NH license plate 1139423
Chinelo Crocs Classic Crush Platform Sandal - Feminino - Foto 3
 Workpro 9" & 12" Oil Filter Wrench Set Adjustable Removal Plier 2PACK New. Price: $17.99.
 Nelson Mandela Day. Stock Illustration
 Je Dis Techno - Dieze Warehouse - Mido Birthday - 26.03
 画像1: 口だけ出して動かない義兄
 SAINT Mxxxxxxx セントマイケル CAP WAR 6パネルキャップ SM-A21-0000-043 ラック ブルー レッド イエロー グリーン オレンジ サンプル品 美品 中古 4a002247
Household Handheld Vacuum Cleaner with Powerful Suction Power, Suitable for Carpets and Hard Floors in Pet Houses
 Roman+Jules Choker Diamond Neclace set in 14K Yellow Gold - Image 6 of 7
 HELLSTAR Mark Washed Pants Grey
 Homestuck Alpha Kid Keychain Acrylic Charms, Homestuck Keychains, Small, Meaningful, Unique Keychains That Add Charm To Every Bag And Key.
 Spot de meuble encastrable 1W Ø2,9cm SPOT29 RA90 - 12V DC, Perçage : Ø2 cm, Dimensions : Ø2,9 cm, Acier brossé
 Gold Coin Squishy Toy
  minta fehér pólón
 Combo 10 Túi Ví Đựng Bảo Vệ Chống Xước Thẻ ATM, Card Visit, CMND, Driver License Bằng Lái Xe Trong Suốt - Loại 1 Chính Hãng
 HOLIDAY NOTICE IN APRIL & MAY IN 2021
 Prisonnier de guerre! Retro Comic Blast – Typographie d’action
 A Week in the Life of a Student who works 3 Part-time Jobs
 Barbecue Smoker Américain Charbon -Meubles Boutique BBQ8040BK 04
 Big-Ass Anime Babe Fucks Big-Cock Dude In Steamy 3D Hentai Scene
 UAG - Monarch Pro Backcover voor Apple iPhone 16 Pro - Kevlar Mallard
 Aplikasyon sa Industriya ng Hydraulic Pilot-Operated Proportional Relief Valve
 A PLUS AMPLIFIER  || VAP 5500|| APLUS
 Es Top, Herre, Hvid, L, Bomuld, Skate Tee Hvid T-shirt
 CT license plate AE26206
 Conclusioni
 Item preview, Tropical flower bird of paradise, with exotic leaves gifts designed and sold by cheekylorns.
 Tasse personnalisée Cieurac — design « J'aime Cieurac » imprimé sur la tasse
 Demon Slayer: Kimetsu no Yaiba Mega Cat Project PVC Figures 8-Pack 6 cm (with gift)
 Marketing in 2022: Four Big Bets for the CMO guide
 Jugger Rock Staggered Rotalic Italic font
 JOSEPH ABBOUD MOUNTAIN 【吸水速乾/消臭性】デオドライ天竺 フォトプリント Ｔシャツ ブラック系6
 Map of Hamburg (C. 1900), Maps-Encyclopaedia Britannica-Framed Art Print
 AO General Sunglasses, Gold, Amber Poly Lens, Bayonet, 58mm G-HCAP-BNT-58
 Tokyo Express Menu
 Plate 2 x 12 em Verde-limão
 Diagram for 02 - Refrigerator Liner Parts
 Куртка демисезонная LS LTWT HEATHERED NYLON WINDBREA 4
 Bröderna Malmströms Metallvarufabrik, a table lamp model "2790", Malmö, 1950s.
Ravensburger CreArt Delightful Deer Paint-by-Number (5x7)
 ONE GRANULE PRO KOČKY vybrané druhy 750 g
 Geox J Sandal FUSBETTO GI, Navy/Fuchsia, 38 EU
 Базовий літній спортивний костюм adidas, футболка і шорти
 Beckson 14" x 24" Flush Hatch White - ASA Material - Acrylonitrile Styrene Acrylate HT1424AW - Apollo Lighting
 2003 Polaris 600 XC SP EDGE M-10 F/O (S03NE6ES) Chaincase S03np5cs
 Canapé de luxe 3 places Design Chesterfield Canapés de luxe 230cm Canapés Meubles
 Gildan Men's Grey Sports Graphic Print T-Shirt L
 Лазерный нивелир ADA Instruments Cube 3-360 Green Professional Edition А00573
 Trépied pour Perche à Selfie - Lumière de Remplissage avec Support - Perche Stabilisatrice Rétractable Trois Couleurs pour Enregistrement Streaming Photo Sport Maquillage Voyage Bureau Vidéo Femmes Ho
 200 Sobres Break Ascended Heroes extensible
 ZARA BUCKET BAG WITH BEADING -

************

EXERCISE DIRECTIONS —
Once you find the line with "ONE GRANULE PRO KOČKY vybrané druhy 750 g" above, print it and every line after it up to and including the line with "Gildan Men's Grey", exactly as written and nothing else.

EXERCISE RESPONSE —
 ONE GRANULE PRO KOČKY vybrané druhy 750 g
 Geox J Sandal FUSBETTO GI, Navy/Fuchsia, 38 EU
 Базовий літній спортивний костюм adidas, футболка і шорти
 Beckson 14" x 24" Flush Hatch White - ASA Material - Acrylonitrile Styrene Acrylate HT1424AW - Apollo Lighting
 2003 Polaris 600 XC SP EDGE M-10 F/O (S03NE6ES) Chaincase S03np5cs
 Canapé de luxe 3 places Design Chesterfield Canapés de luxe 230cm Canapés Meubles
 Gildan Men's Grey Sports Graphic Print T-Shirt L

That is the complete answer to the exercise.